Esta casado con Mercedes Leloutre y tienen un hijo, Javier Cerdán (32), preparador físico en River. Javier, en su primer matrimonio con Silvana, le dio un nieto, Nehuén (5); y luego, con Nadia, su segunda pareja, fue padre de Nahiara, su nieta de un año. Hace quince que trabaja en la Agencia Marítima Multimar. Sin embargo, sus compañeros de trabajo no sabían que era jurado de boxeo, hasta que lo vieron en una pelea de campeonato mundial. Fue jurado de peleas de campeonato mundial como queda dicho: dos de Omar Narváez, ante el mexicano Zaleta y el argentino Luis Lazarte; también de una defensa de La Tigresa Acuña en Formosa; y dos peleas fueron en el Luna Park: cuando Narváez expuso ante Briceño y cuando el argentino Víctor Ramírez le ganó a Alí Ismailov, reteniendo su corona mundial medio pesado OMB. Ha trabajado, obviamente, en muchas otras, una de Erica La Pantera Farías.
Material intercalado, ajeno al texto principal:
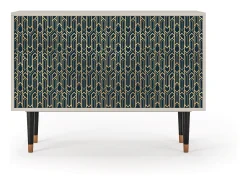 Aparador - 115x85x48 cm - BS4 - Golden Empire, Arena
Cuenta que algunas de las claves para ser jurado de una pelea es estar muy concentrado, fallar round por round, independientemente, sin llevar las cuentas subtotales para no caer en errores, atenerse a estar expuesto a la crítica, no hacerse amigo de los boxeadores o promotores. En el 2010 fue elegido como el mejor jurado de la temporada por los muchachos de UPERBOX (Unión de Periodistas de Boxeo de la República Argentina) y confiesa que ese ha sido uno de sus grandes halagos.

Este hombre que de chico fue actor, que de grande es jurado de boxeo, tiene todavía hoy, una herida profunda. Y su voz se quiebra cuando, recordando a través de los relatos de otros, a quien fuera su padre, todavía no se explica cómo no pudo conocerlo, cómo no pudo sentir una caricia, cómo no pudo decirle “papá”. Hace un tiempo, buscando incansablemente por teléfono, halló a César Luis Cerdán, medio hermano suyo, quien le contó algunas cosas del padre. Y este hombre siente que se quiebra como un personaje de aquellos que, en el Teatro Criollo, trataban de encontrarle una explicación a la vida.

“Jamás sabré por qué mi padre nunca quiso verme, jamás sabré por qué...”, dice. Y los ojos, una vez más, se le nublan de emoción.